For this seriously sleep-deprived mom, The Angel Riots comes alive when Kaslik delves into the gritty lifestyle of touring. I flipped through the pages, hungry to read more about the drugs, the booze, the destructive force of such a transient lifestyle. The book is juicy but it was hard for me to discern how much of the thrill I experienced was informed by my sense that, ahem, some of the characters seemed awfully familiar.

Penguin made no bones when it was promoting The Angel Riots to suggest it was inspired by Kaslik's relationship to certain popular Toronto indie bands. And anyone who is familiar with the personalities in these bands may recognize certain physical and emotional characteristics in some of these characters.

At times I caught myself losing sight of the fiction of Kaslik's work and focusing mainly on the scandalous non-fiction possibilities. Oh my god, has he really done heroin? Wow, was her ex really that crazy?

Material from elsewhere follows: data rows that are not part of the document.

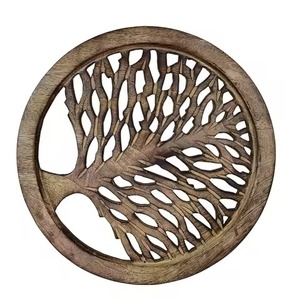 Quatrefoil Scroll Cutout <b>Wooden</b> Trivet Natural Wood Heat Resistant Hot <b>Pot</b> <b>Pan</b> Holder Traditional Table Mat Classic Kitchen Use - Product Image 5
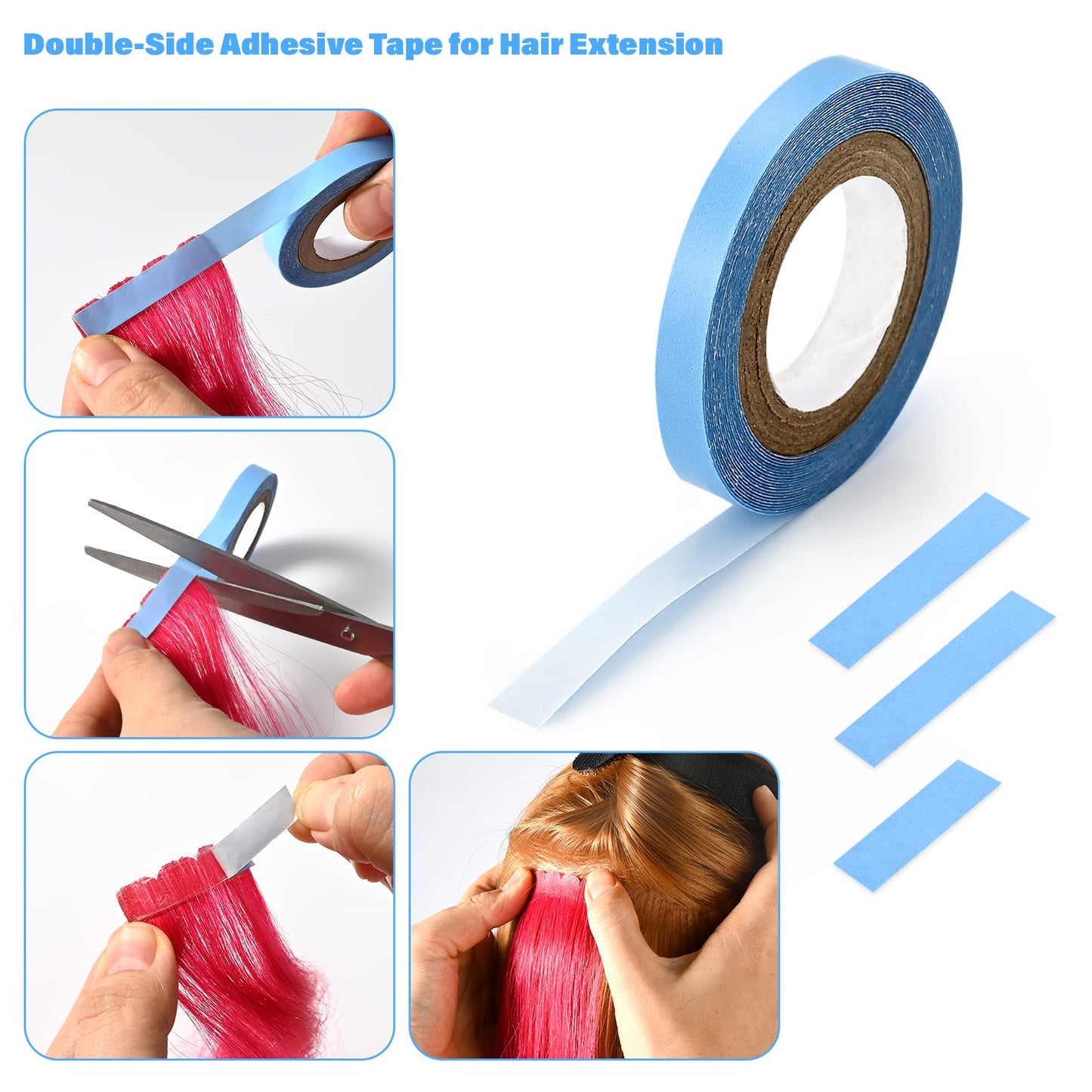 EHDIS Tape in Hair Extensions Pliers Stainless Steel Flat Surface Extensions Tape Sealing Clamp Pliers Tool (Type A)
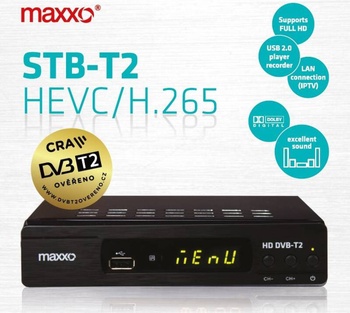 Set-top box Maxxo T2 HEVC/H.265 černý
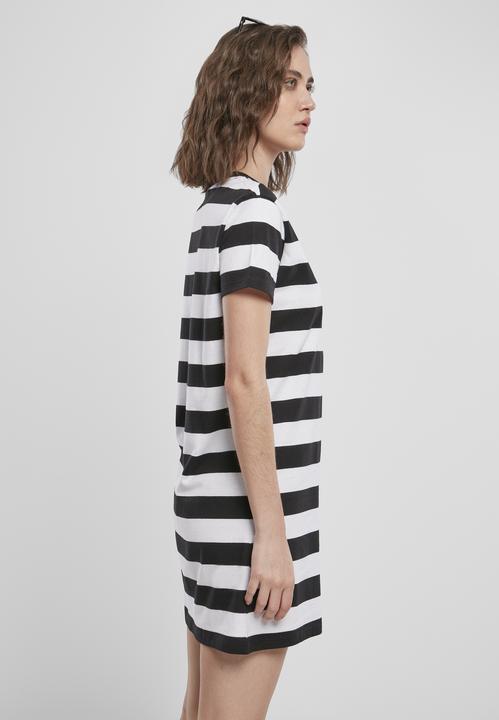 Actual product image Urban Classics Ladies Stripe Boxy Tee Dress (XS)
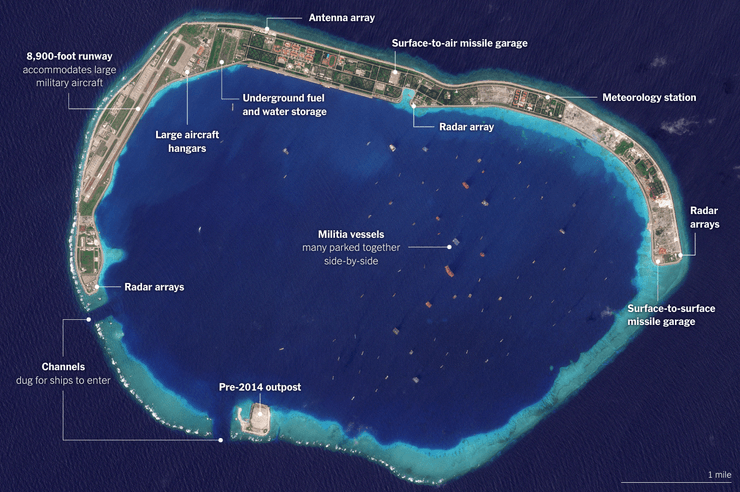 военные базы Китая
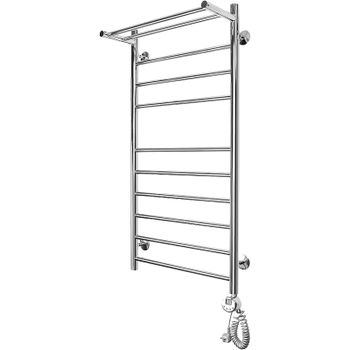 Электрический полотенцесушитель Domoterm Медея сп П10 500x1000 ER с полкой Хром — фото 4, Электрические полотенцесушители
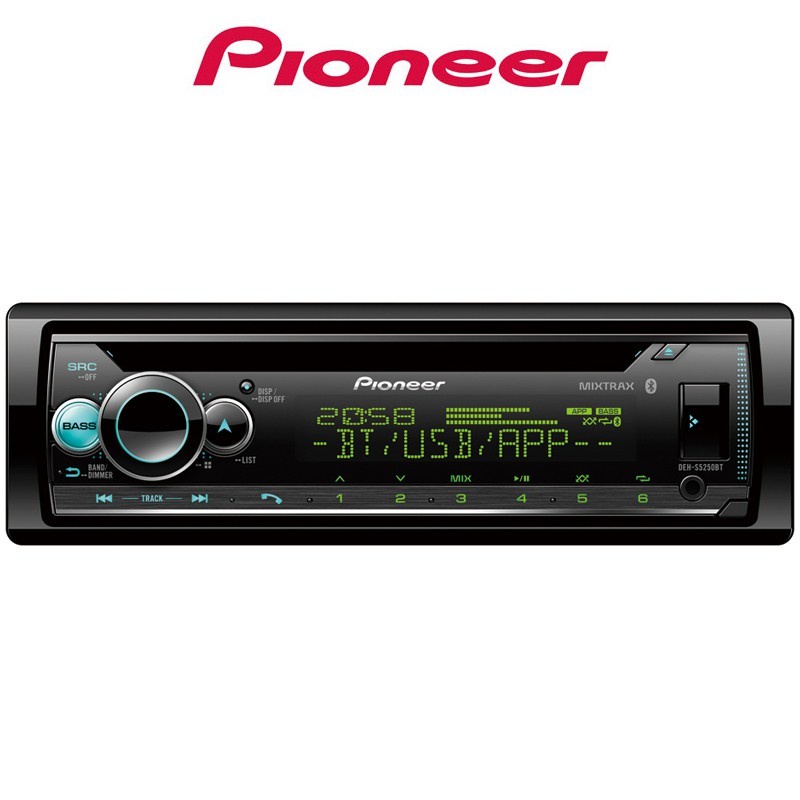 TAPE HEAD UNIT SINGLE DIN PIONEER DEH-S5250BT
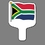 Custom Hand Held Fan W/ Full Color Flag Of South Africa, 7 1/2" W x 11" H, Price/piece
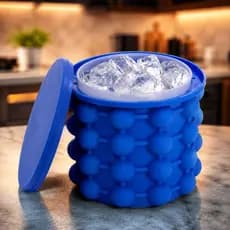 🔥⭐Balde Gelo Silicone Térmico Flexível Dobrável Portátil Cubos Conserva Festa Churrasco Presente✨💥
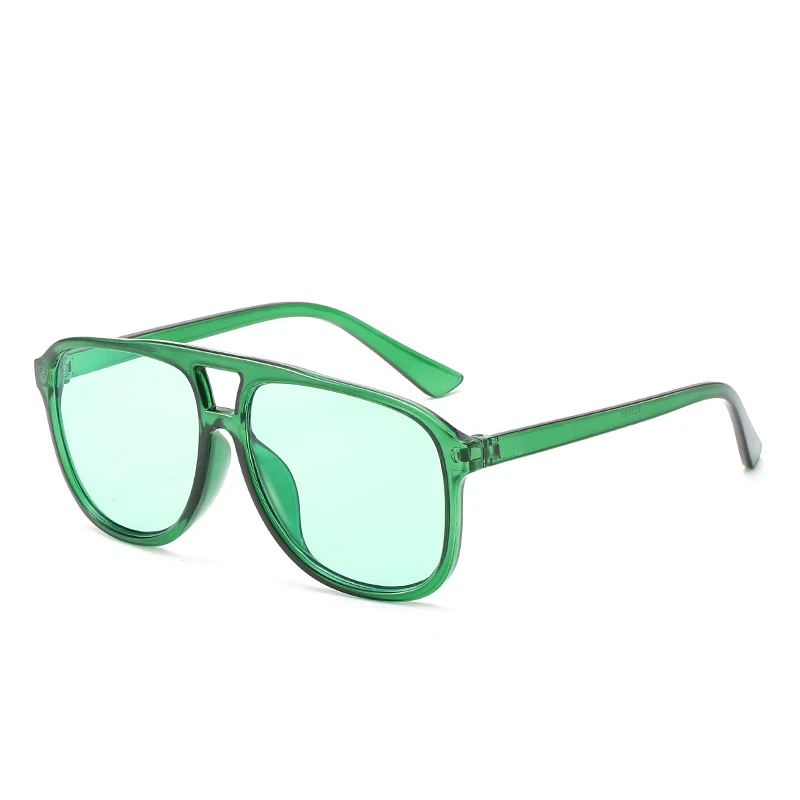 OVZA прямоугольные большие солнцезащитные очки женские новые брендовые дизайнерские солнцезащитные очки модные мужские большие очки с прозрачными защитными стеклами S4020 - Цвет линз: Зеленый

These sorts of questions are not the kind that normally arise when I'm reading a novel, and Kaslik herself has mentioned to me that she is sick of folks forgetting that she is a fiction writer, not a tabloid editor.

Based solely on the strength of Kaslik's writing, the novel could maintain its page-turning pace for a reader less familiar with the indie scene in Toronto. And its poetic moments are strong. I'm just not currently in a head space to appreciate fine writing. Which is maybe why the dirty angels in Kaslik's novel entertained me the most.